Compungido, el artista negó con la cabeza.

– Ay, milord, no puedo asegurarle nada -suspiró-. Mi miembro no suele obedecer los mandatos de la razón. El conde soltó la risa.

– Yo era como usted en mi juventud. Pero amo a Rosamund como no he amado a ninguna otra mujer. Si usted la ofende, me ofenderá a mí también.

– Lo entiendo, milord, y prometo que trataré de comportarme» pero, le reitero, no puedo garantizarle nada. Además, las damas suelen sentir debilidad por mí y tratan de seducirme. No es mi culpa.

– Pues Rosamund no tratará de seducirlo, se lo aseguro. Si intenta deshonrarla, se vengará de una manera harto desagradable. Ahora, tenga a bien mostrarme lo que ha hecho hasta el momento. -Se acercó al caballete y abrió grandes los ojos-: Es extraordinario, maestro. La piel parece tan vívida que casi la siento en las yemas de mis dedos.

– ¿Qué virtudes tiene usted, milord, para haber conquistado a esa adorable criatura? -preguntó Loredano con franqueza.

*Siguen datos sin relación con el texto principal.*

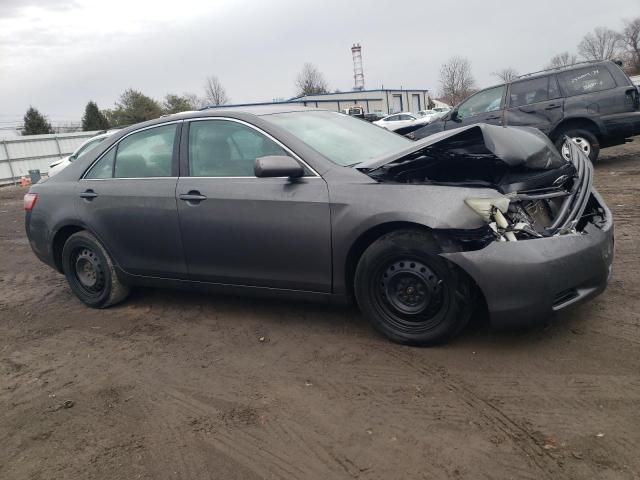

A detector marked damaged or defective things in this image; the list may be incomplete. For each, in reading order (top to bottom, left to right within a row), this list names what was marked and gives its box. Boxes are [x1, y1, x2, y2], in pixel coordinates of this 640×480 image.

damaged gray sedan [26, 108, 616, 344]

– Estoy tan sorprendido de mi buena fortuna como usted. Lo único que puedo decirle es que lo supimos desde el momento en que nuestras miradas se cruzaron.

– ¿Qué cosa supieron?

– Que estábamos predestinados a amarnos.

– Pero no piensan casarse.

– Dije que estábamos predestinados a amarnos, no a casarnos. Lo supimos desde el primer momento.

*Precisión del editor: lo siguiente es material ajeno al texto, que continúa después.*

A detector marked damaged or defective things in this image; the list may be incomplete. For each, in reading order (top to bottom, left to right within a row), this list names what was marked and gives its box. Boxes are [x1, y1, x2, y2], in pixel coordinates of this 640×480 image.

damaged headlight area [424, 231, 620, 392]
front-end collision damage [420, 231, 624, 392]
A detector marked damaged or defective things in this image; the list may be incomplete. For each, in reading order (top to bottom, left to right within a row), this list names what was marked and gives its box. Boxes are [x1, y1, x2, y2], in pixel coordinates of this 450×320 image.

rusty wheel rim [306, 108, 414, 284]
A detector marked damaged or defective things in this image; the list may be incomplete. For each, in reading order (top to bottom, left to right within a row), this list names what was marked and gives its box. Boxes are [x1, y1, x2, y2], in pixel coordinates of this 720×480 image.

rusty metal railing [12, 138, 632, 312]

Paolo asintió, dando a entender que comprendía la situación.

– ¡Qué trágico! Ser amado por una mujer como Rosamund y saber que algún día tendrá que dejarla. ¿Cómo lo soporta, milord? Yo, sinceramente, no podría.

– Agradecemos cada momento que vivimos juntos. Al fin y al cabo, nada es permanente en la vida, todo es un perpetuo devenir…

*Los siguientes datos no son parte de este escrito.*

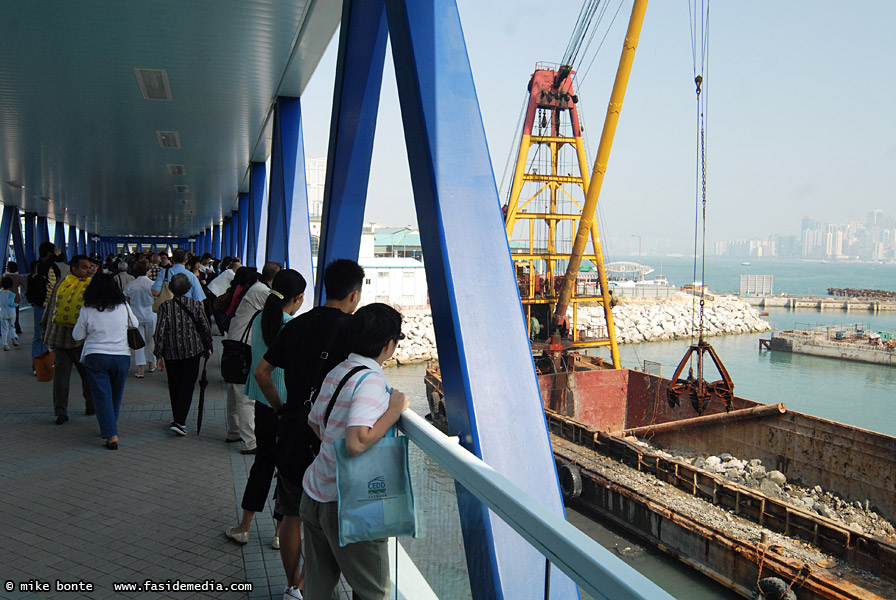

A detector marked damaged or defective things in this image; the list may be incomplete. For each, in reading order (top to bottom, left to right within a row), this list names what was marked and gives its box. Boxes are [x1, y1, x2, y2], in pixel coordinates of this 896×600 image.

rusty barge [426, 358, 896, 596]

– ¡Pero es imposible vivir sin esperanza! -exclamó el artista con dramatismo.

– Se equivoca, maestro. Nosotros sí tenemos esperanza. Esperamos que cada día dichoso que compartimos juntos conduzca a otro día igualmente dichoso. Todo llega a su fin. He ahí una verdad que la mayoría de la gente se niega a admitir. Pero Rosamund y yo la aceptamos. Tal vez nos amemos durante varios años. Tal vez no. Cuando llegue el momento de separarnos, lo haremos con renuencia y aflicción. Sin embargo, nos sentiremos felices por lo que habremos vivido juntos y por los recuerdos que atesoraremos en nuestro corazón dondequiera que nos lleven los caminos que tomemos.

El artista lanzó un fuerte suspiro. Usted es un hombre más valiente y más noble que yo. No podría aceptar el destino con tanto optimismo. Sin embargo, le advierto que Seguiré intentando seducirla. Las mujeres terminan sucumbiendo a mis encantos más temprano que tarde.

– Entonces acabará muy mal, maestro, asesinado por un padre o un marido furioso. ¿Partimos?

Juntos salieron de la terraza, atravesaron la sala de estar, bajaron las escaleras y se detuvieron en el camino de entrada de la villa.